(Data entries)
/---

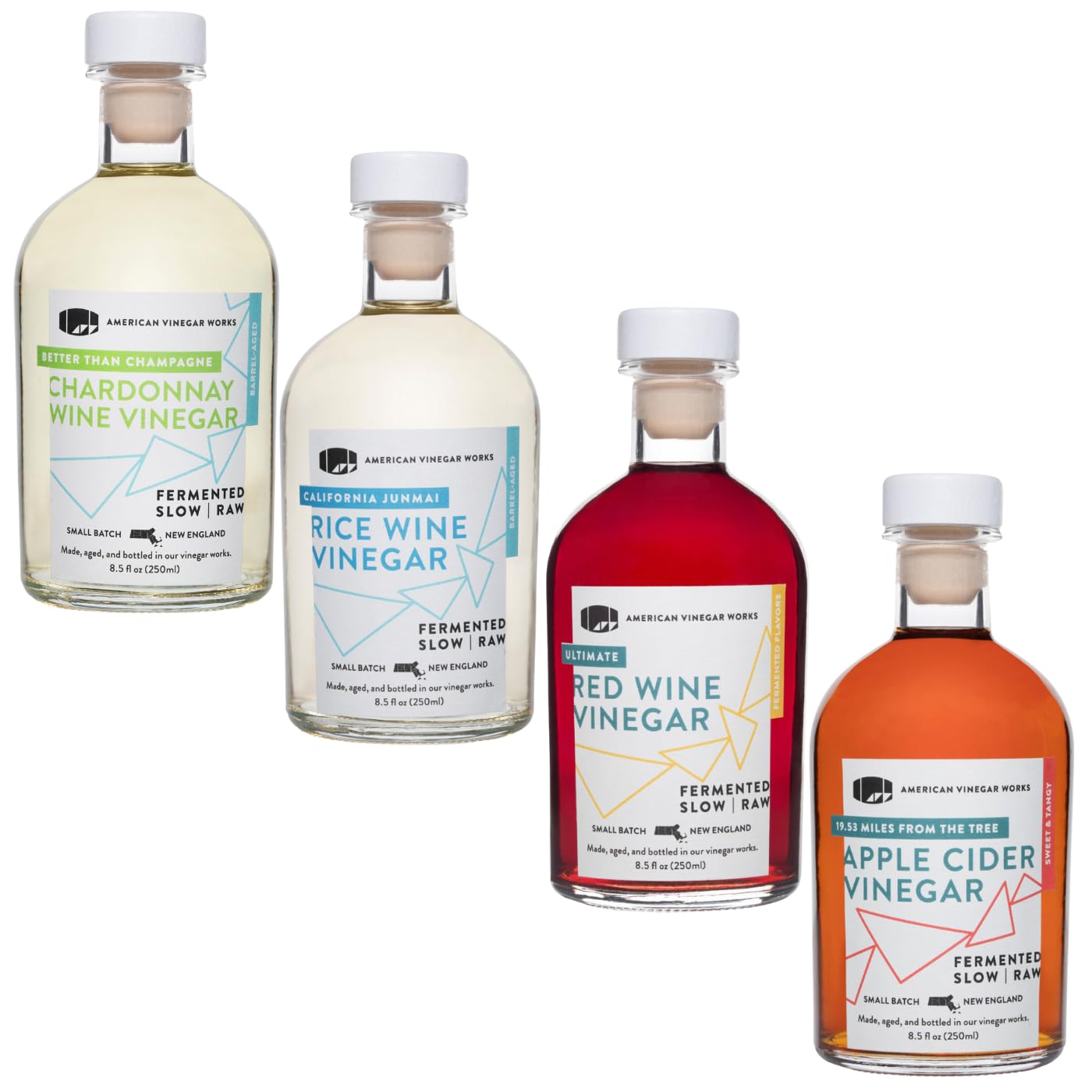 American Vinegar Works - Essentials Kitchen Vinegars - Includes Apple Cider, Red Wine, Rice Wine, and Chardonnay Wine Vinegars - Packed in a Custom Box - Great for Gifts - 8.5 oz Bottles - 4 Pack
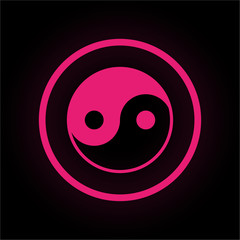 Fototapeta premium Neon Button rund - Yin-yang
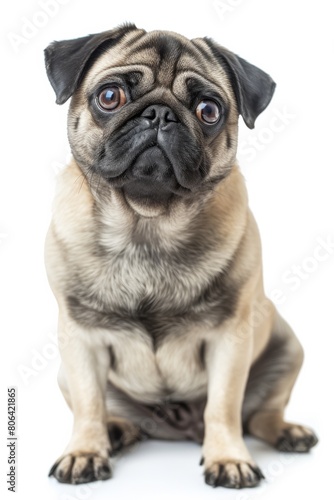 Mystic portrait of Pug  full body View  Isolated on white background
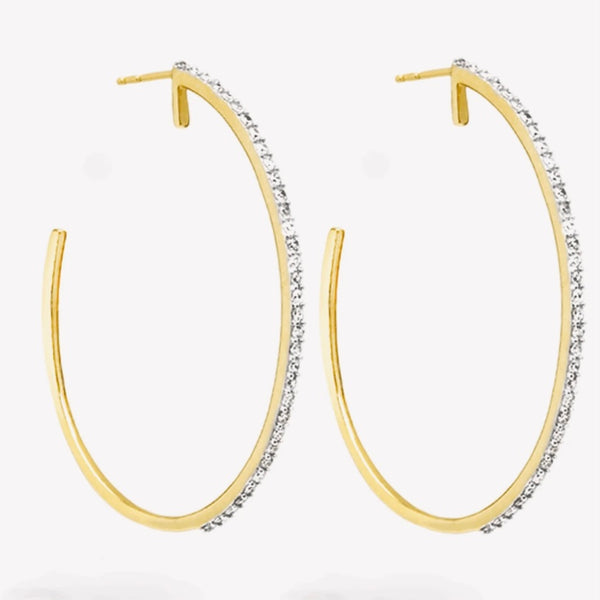 XL Pave Oval Hoop Earrings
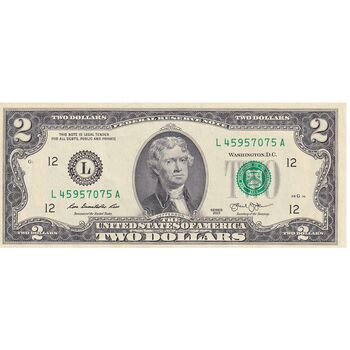 اسکناس 2 دلار 2013 جمهوری فدرال - L (سان فرانسیسکو) - تک - UNC62 - آمریکا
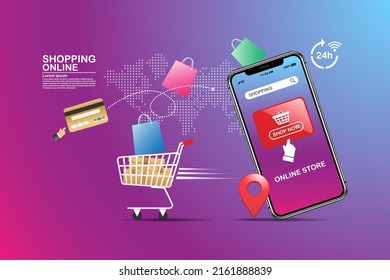 Shopping online on website or mobile application concept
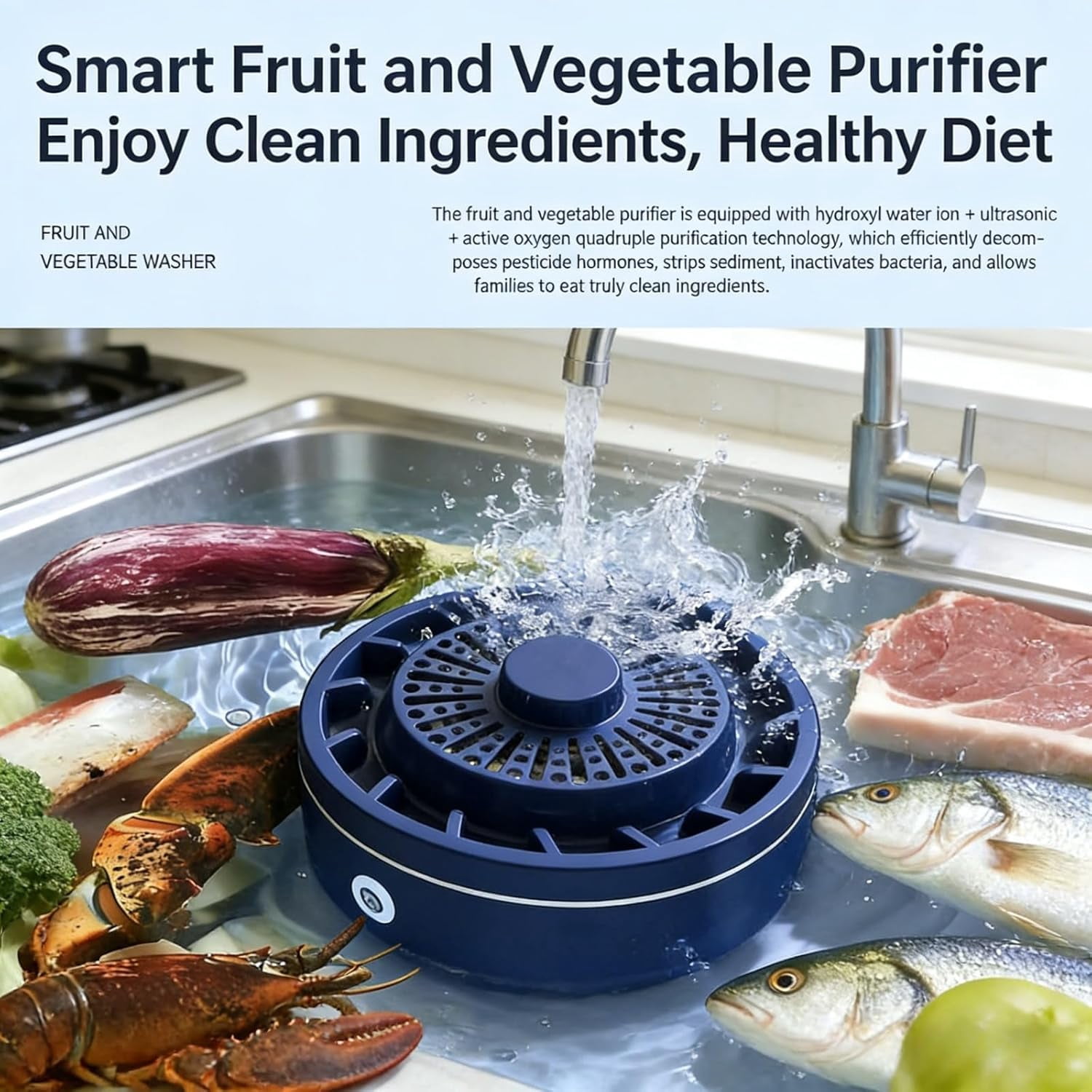 PuriProduce Fruit and Vegetable Cleaner, Wireless Portable Produce Purifier Device, Efficient Washing Machine for Home Kitchen Food Cleaning (White)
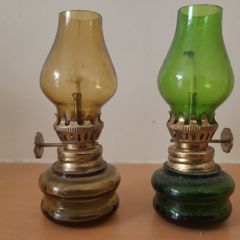 2 x vintage mini kerosene lamps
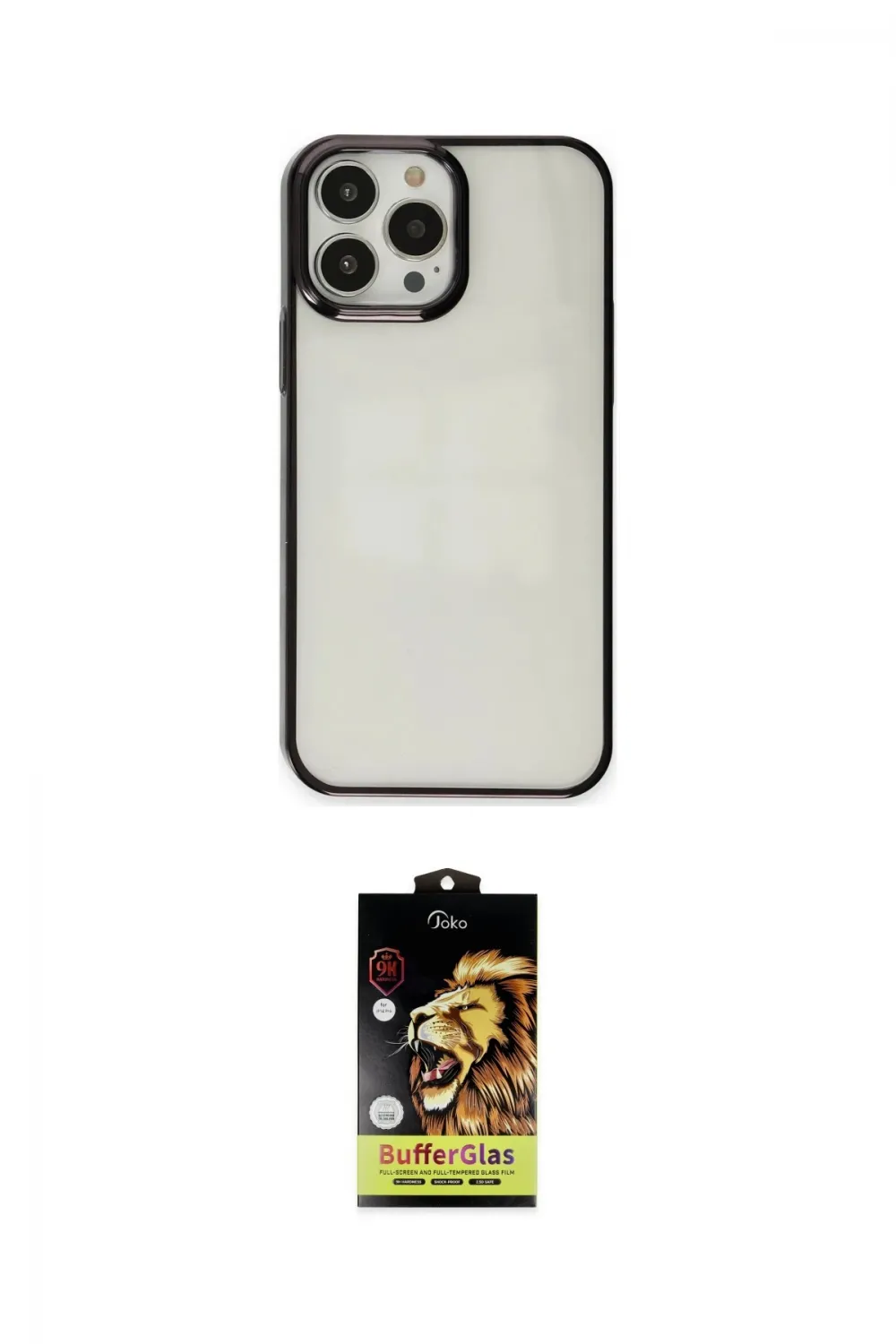 ieg™ iPhone 14 Pro Max Kılıf Doruk Doku Prime - Siyah Buffer Cam Ekran Koruyucu
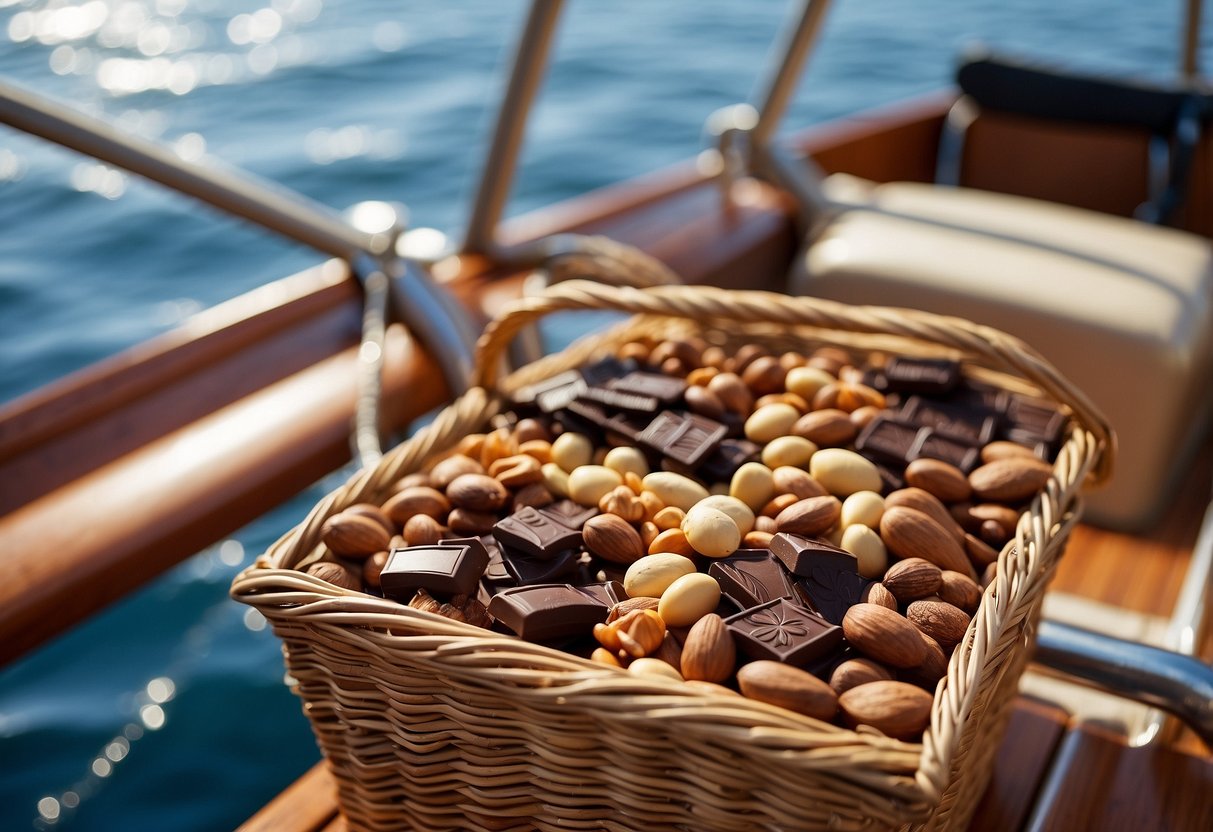 A variety of snacks, including Kind Dark Chocolate Nuts & Sea Salt bars, are neatly arranged in a wicker basket on the deck of a boat, with the sparkling water in the background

\---

WHAT TO DO: Take the lines above from the top of the records through the one with "2 x vintage mini kerosene lamps" and repeat them exactly, without any pictures.

SOLUTION:
 American Vinegar Works - Essentials Kitchen Vinegars - Includes Apple Cider, Red Wine, Rice Wine, and Chardonnay Wine Vinegars - Packed in a Custom Box - Great for Gifts - 8.5 oz Bottles - 4 Pack
 Fototapeta premium Neon Button rund - Yin-yang
 Mystic portrait of Pug  full body View  Isolated on white background
 XL Pave Oval Hoop Earrings
 اسکناس 2 دلار 2013 جمهوری فدرال - L (سان فرانسیسکو) - تک - UNC62 - آمریکا
 Shopping online on website or mobile application concept
 PuriProduce Fruit and Vegetable Cleaner, Wireless Portable Produce Purifier Device, Efficient Washing Machine for Home Kitchen Food Cleaning (White)
 2 x vintage mini kerosene lamps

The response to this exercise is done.